AP Chemistry Help: Ph And Solubility

Review real example questions for Ph And Solubility in AP Chemistry.

Question 1

A student compares the solubility of solid calcium carbonate, $\text{CaCO}_3(s)$ , in two beakers at the same temperature: Beaker 1 contains pure water, and Beaker 2 contains $0.10\,\text{M}$ HCl (pH $\approx 1$ ). Which statement best describes how the solubility changes in Beaker 2 and why?

The solubility stays the same because HCl acts as a buffer that keeps $[\text{CO}_3^{2-}]$ constant in solution.
The solubility decreases because adding acid increases $[\text{CO}_3^{2-}]$ through the common-ion effect, shifting dissolution backward.
The solubility stays the same because $K_{sp}$ is constant and pH cannot affect equilibrium positions for ionic solids.
The solubility decreases because HCl is a strong electrolyte that screens charges and forces ions to recombine into the solid.
The solubility increases because $\text{H}^+$ reacts with $\text{CO}_3^{2-}$ to form $\text{HCO}_3^-$ and $\text{H}_2\text{CO}_3$ , lowering $[\text{CO}_3^{2-}]$ and shifting dissolution forward.
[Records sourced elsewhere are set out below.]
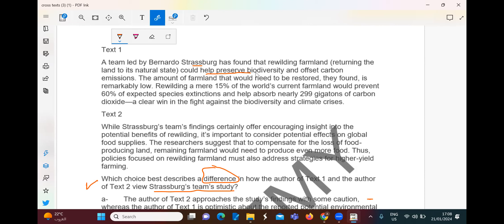A team led by Bernardo Sturzberg has found that rewilding farmland — returning the land to its natural state — could help preserve biodiversity and offset carbon emissions. This is positive. The amount of farmland that would need to be restored, they found, is remarkably low. Rewilding a mere 15% of the world's current farmland would prevent 60% of expected species extinctions. That is positive.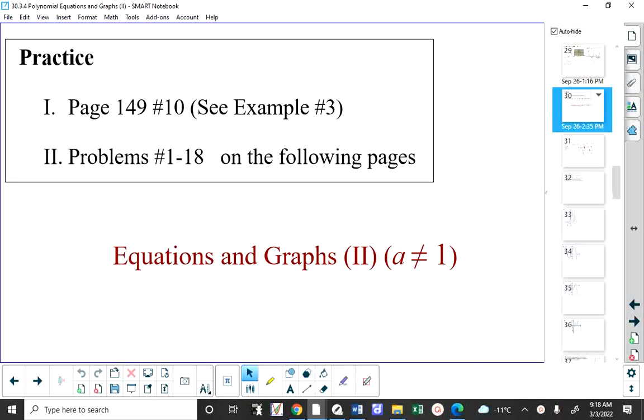There was one question from your textbook, page 149, number 10. I believe that dealt with polynomial inequalities.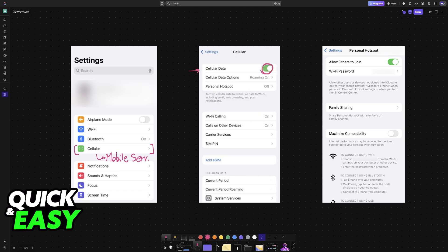With cellular data enabled, go over to Personal Hotspot and you can enable it from here. Make sure that you allow others to join this personal hotspot that you create, and set up the Wi-Fi password. This is very important, especially if you don't want random people to join, so set up a password however you prefer.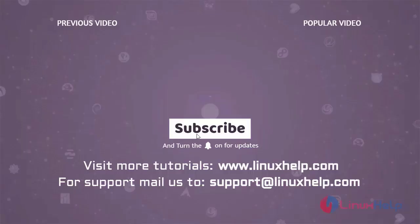Thank you for watching this video. And if you like it, please subscribe to our channel. To learn more tutorials, visit www.Linuxhelp.com. And if you have any queries, mail us to support at linuxhelp.com.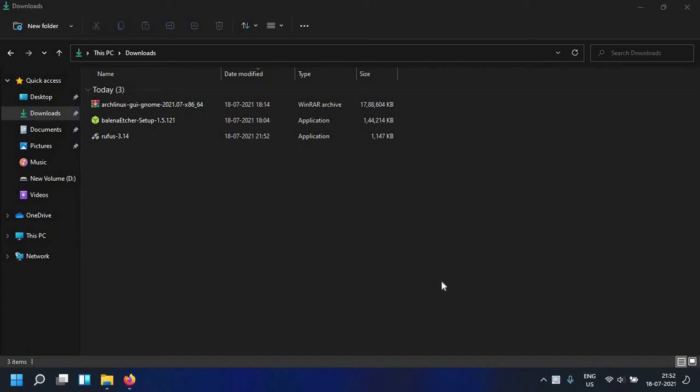Hi guys, in this video I am going to walk through how to make a Linux bootable USB inside Windows. In this case I am using Windows 11, but these steps can be applied to Windows 10 and Windows 7 as well.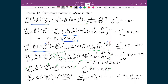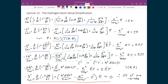We already know the solution Y(theta, phi) from the rigid rotator lecture, so all that remains is solving this radial differential equation for R(r). Once we have R(r), the total wave function psi for the hydrogen atom is simply R(r) times Y(theta, phi), giving us the complete wave function solution.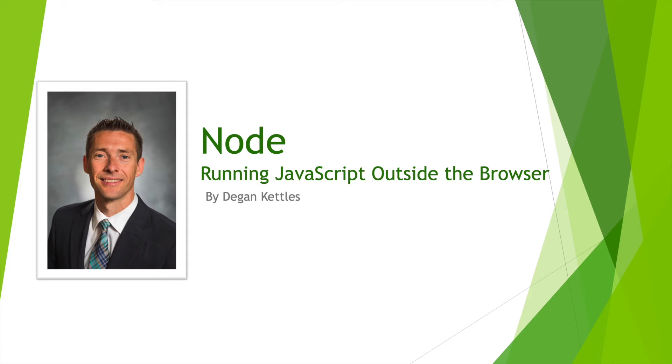In my previous JavaScript videos, I've talked about the core language, things like variables and functions as used within script tags in a web browser. Now I'm going to talk about something more advanced, which is Node.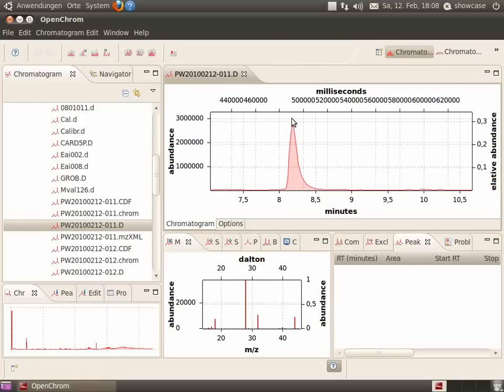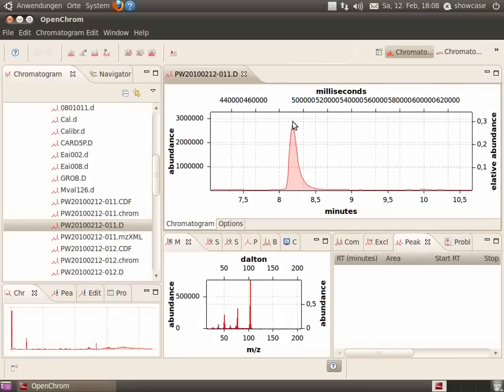Let's select the scan. We see the mass spectrum in the view.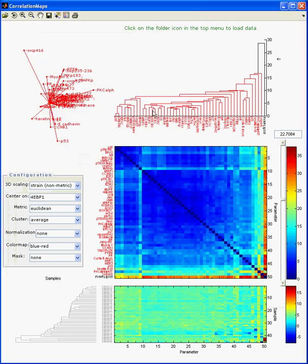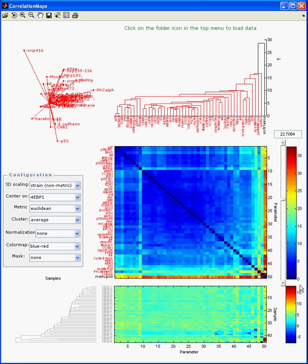When you load the data, immediately a number of different settings are used to produce the following display. Starting with the lower left-hand side, you have here the cluster analysis of the samples themselves, according to some sort of metric — we'll go back to that in a minute. And then what we have here is the actual data, the values between some negative value and 20. And this is the first point where you may want to think about normalization.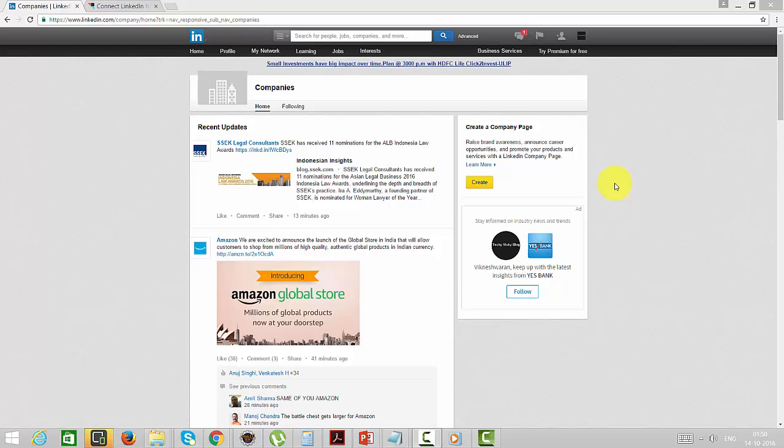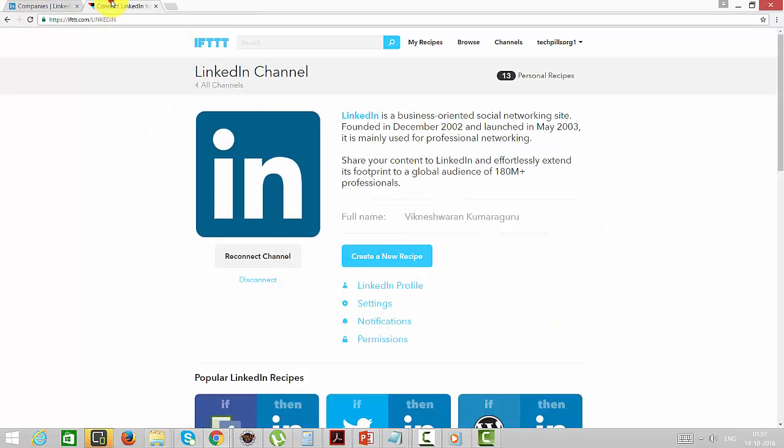Hey guys, in this video I'm going to show how to remove or revoke third party application access from LinkedIn. For example, here I am using this third party tool IFTTT for posting my status on social networks, so I have given it access.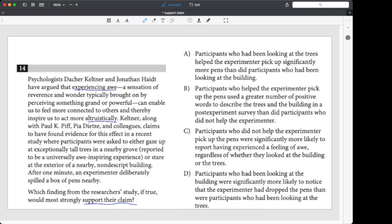They're saying that awe makes you feel more connected. And of course, you know what that means. You might not know what altruistic means, but it means to be generous to others. So we have this basic claim: awe equals connection and altruism.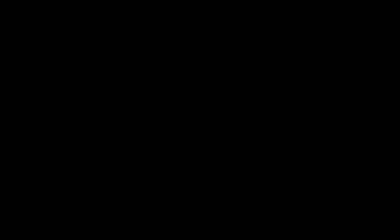So now you know how to set a star rating on images in Bridge so that you can use filters to help you edit your images.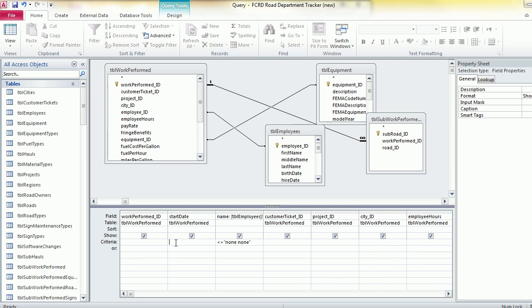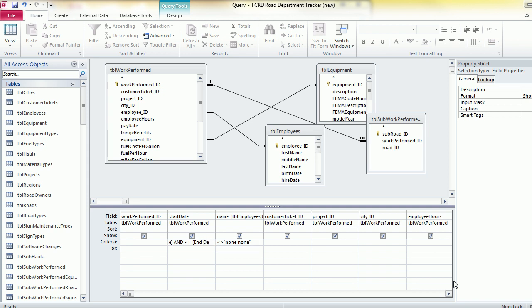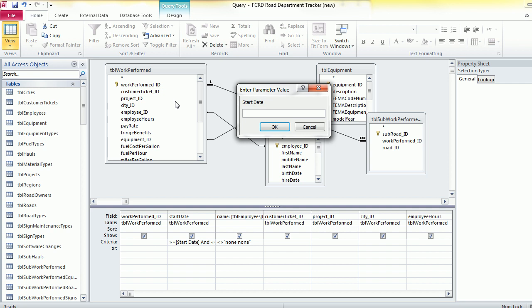I go to criteria and say I want this to be greater than and then I'm going to say start date and then close and less than open and date close and hit enter. So then when I run this query...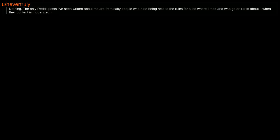Nothing. The only Reddit posts I've seen written about me are from salty people who hate being held to the rules for subs where I mod, and who go on rants about it when their content is moderated.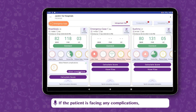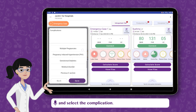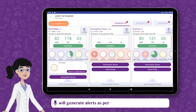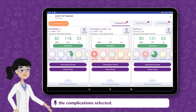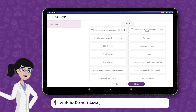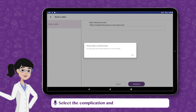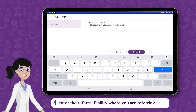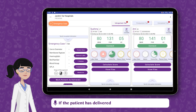If the patient is facing any complications, go to the Complications icon and select the complication. The software will generate alerts as per the complications selected. Go to Tap for More Information. With Referral/Lama, you can refer the patient to another hospital, select the complication, and enter the referral facility where you are referring.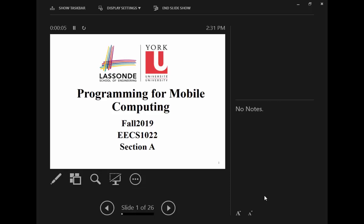Good afternoon, everyone. This is the first lecture for ECS 1022 — Programming for Mobile Computing. If you are attending the wrong course lectures, you can leave right now.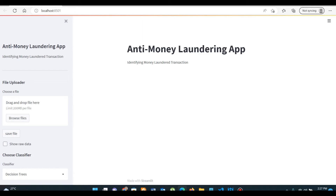You are looking at the demonstration of our final product that we will be building using Streamlit. This app is based on two machine learning algorithms which are able to classify money laundering transactions from genuine transactions.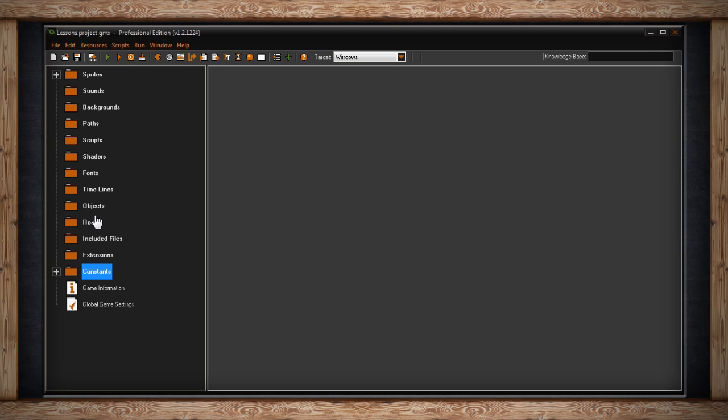The next folder is rooms. This is like levels for your game or really any time you change screens. It could be your title screen, it could be your option screen, it could be level 32, it could be a forest. But this is where all your rooms or levels or screens will be held.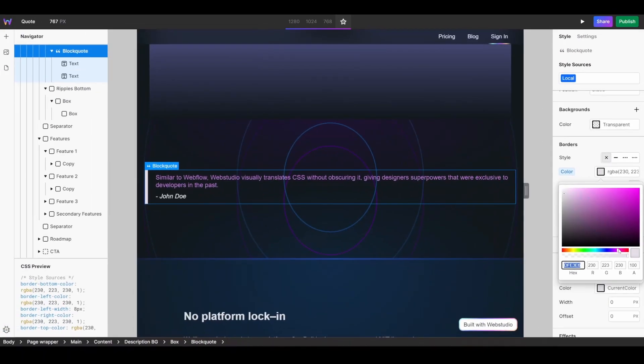that better represents my brand. And there you have it, that is how you can add quotes to your website using WebStudio's block quote component. Let me know if you have any questions or if there's anything you'd like to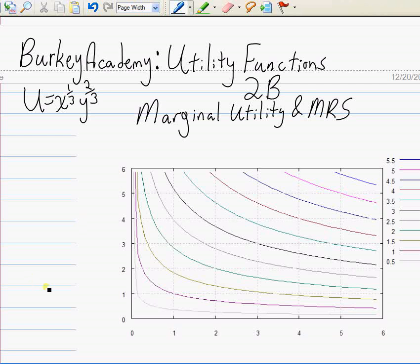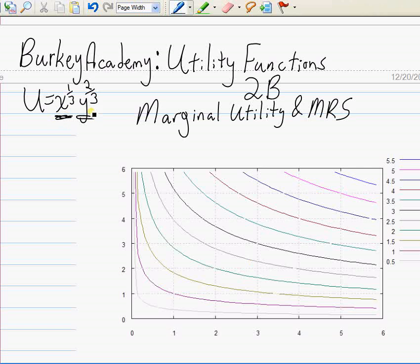This time we're going to bring in the calculus so we can take this analysis a few steps further. The first thing I want to do is talk about marginal utility. Marginal utility means the additional utility from consuming one more unit of a product. Here, marginal utility is going to tell us about the rate at which utility goes up at different points in our indifference curve map, and it's going to be different at every point and also different depending on whether we're consuming more of x or more of y.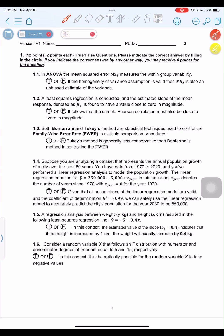This first question: in ANOVA, the mean squared error (MSE) measures the within-group variability. True or false — if the homogeneity of variance assumption is valid, then MSE is also an unbiased estimate of the variance.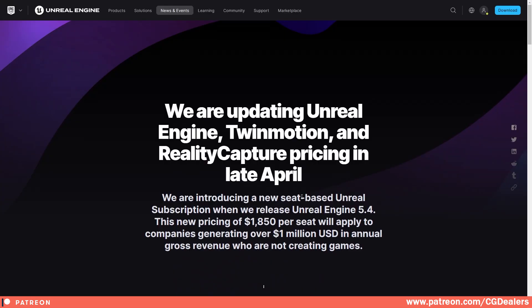So this is a quick update on what Unreal are changing, and I cannot wait to see 5.4 in late April.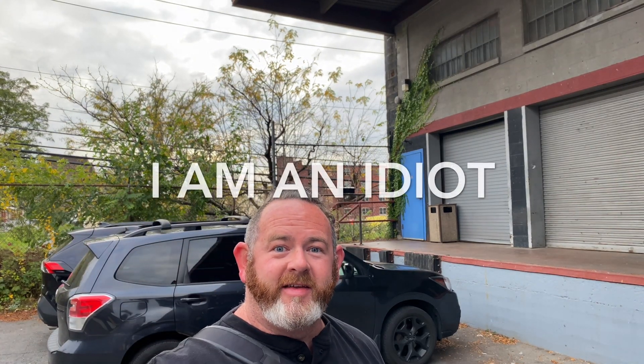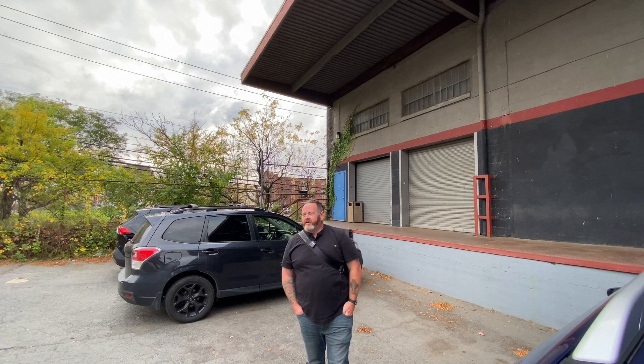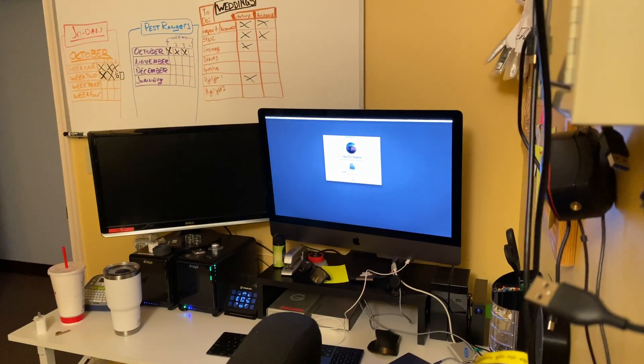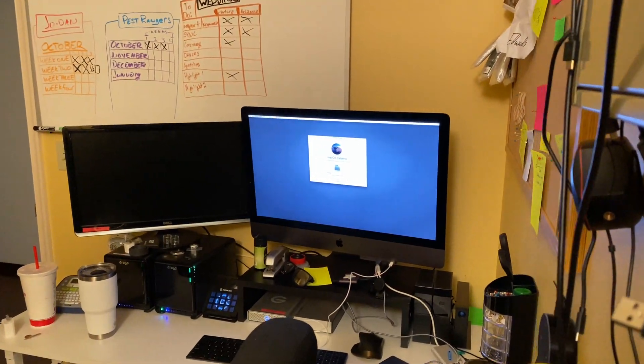I know there's a thousand people gonna comment on this video telling me what an idiot I am. I'm shooting and editing this video on my iPhone right now because Catalina and Final Cut Pro 10.4.7 do not play nice together at all. Whatever you do, don't upgrade on day one.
Explanation: This question tests the understanding of how pH affects the solubility of salts with anions that are conjugate bases of weak acids. In Beaker 2 with 0.10 M HCl, the high [H+] from the acid reacts with CO3^2- ions produced by the dissolution of CaCO3 to form HCO3- and H2CO3. This reaction lowers the [CO3^2-] in solution, causing the ion product Q to be less than Ksp and shifting the equilibrium toward more dissolution according to Le Chatelier's principle. Therefore, the solubility of CaCO3 increases in the acidic solution compared to pure water. A tempting distractor is choice B, which misapplies the common-ion effect by claiming acid increases [CO3^2-], but this ignores the acid-base reaction that actually decreases [CO3^2-]. To predict pH effects on solubility, determine if the anion can be protonated by checking if it is the conjugate base of a weak acid, and apply Le Chatelier's principle to see how it shifts the equilibrium.

Question 2

Solid barium sulfate, $\text{BaSO}_4(s)$ , is added to two solutions at the same temperature: one is pure water and the other is adjusted to pH 2 with strong acid. Which statement best describes the solubility change in the acidic solution and why?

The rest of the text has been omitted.